WHAT THIS TASK INVOLVES
Reproduce, exactly and in full, the lines from the one with "Dual SIM Slot" through the one with "Oval White Mother-of-Pearl Twist Earrings" in the data below; drop pictures.

DATA EXTRACTS
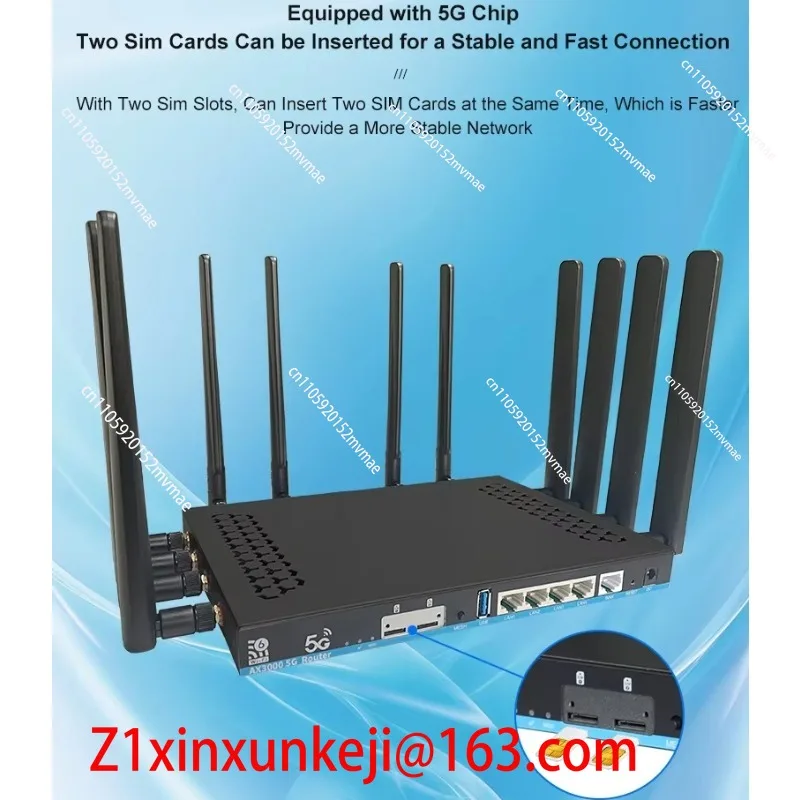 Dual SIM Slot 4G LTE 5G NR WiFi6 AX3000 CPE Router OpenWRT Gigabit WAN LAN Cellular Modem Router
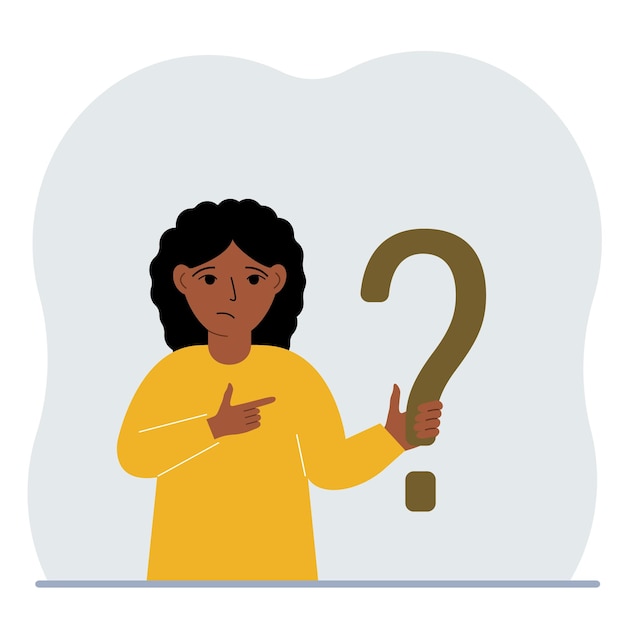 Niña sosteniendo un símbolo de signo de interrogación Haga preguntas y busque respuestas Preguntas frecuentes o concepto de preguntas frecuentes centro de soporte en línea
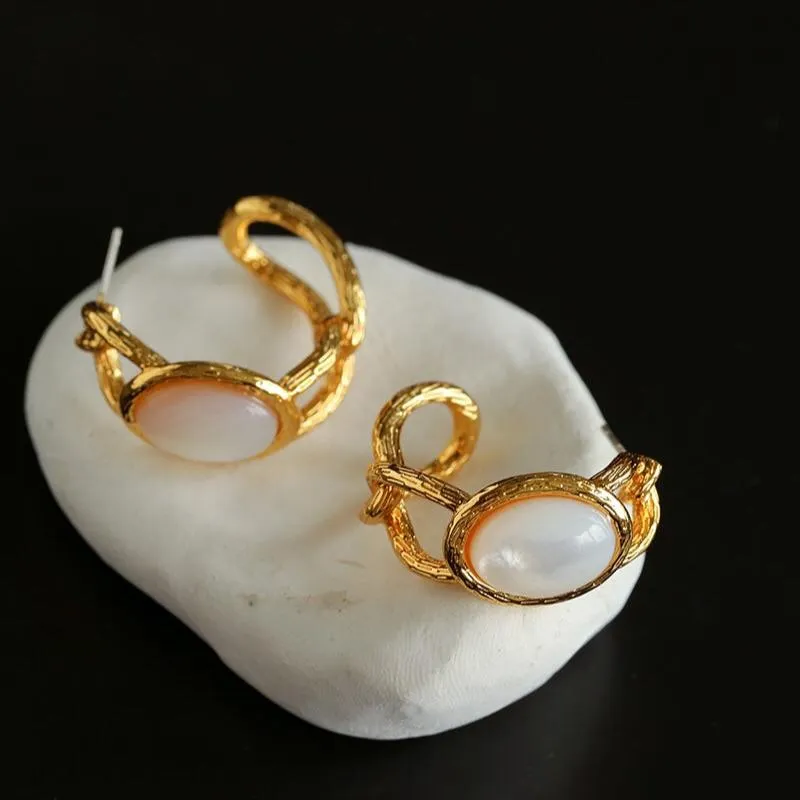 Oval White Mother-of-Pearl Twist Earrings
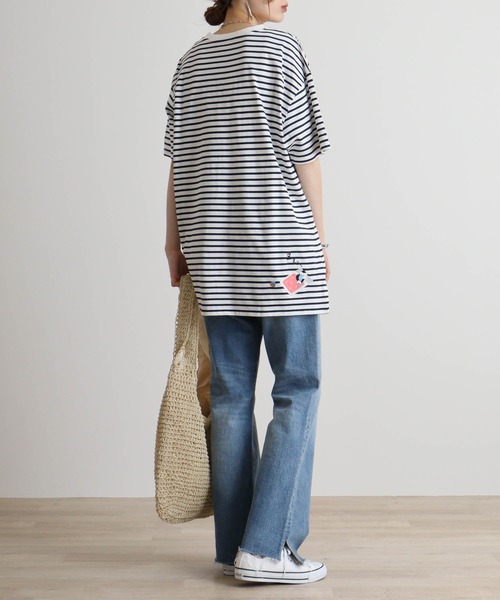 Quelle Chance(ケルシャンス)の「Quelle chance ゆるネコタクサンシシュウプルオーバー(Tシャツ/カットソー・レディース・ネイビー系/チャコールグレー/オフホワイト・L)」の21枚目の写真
* * *
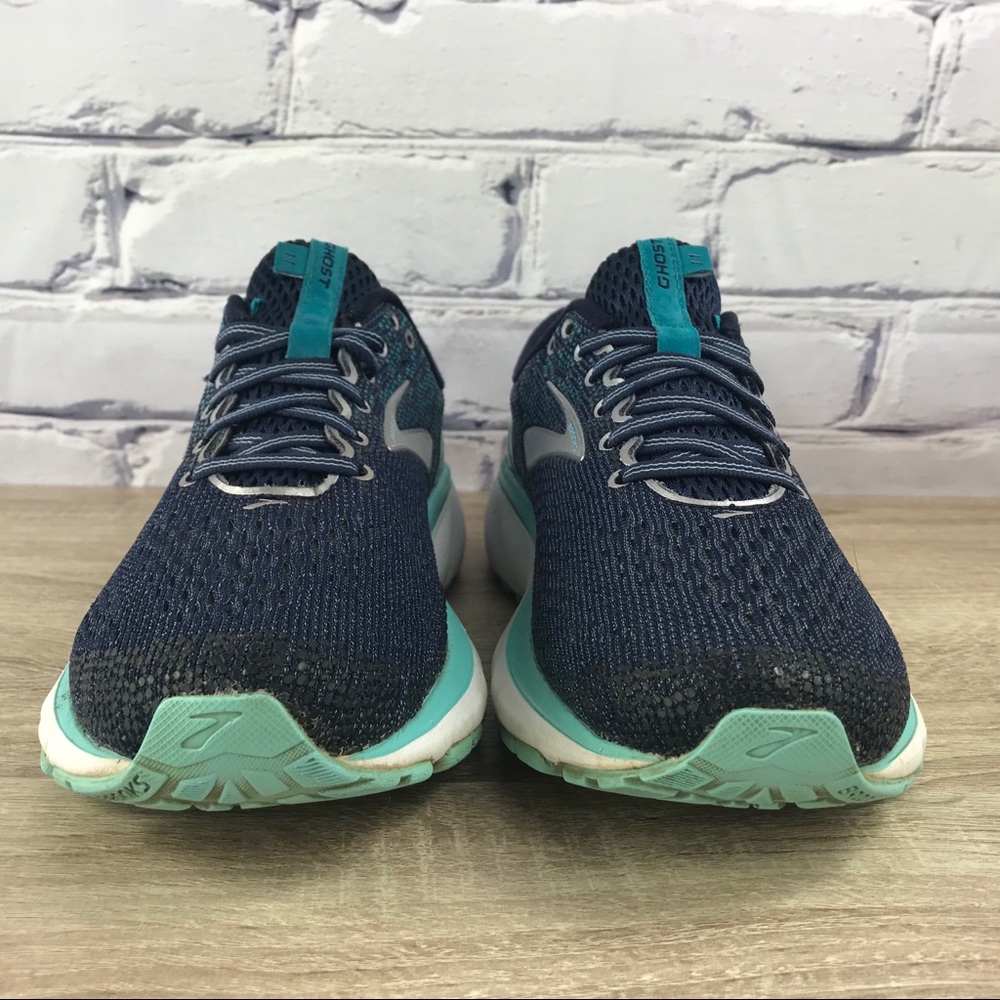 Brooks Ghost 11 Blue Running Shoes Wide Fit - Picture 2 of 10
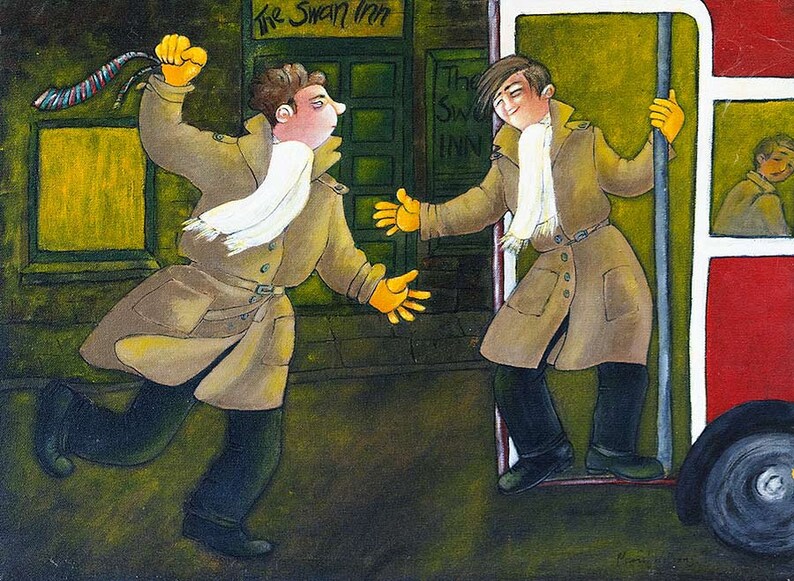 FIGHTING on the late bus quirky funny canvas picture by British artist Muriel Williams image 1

OUTPUT FOR THIS EXERCISE
 Dual SIM Slot 4G LTE 5G NR WiFi6 AX3000 CPE Router OpenWRT Gigabit WAN LAN Cellular Modem Router
 Niña sosteniendo un símbolo de signo de interrogación Haga preguntas y busque respuestas Preguntas frecuentes o concepto de preguntas frecuentes centro de soporte en línea
 Oval White Mother-of-Pearl Twist Earrings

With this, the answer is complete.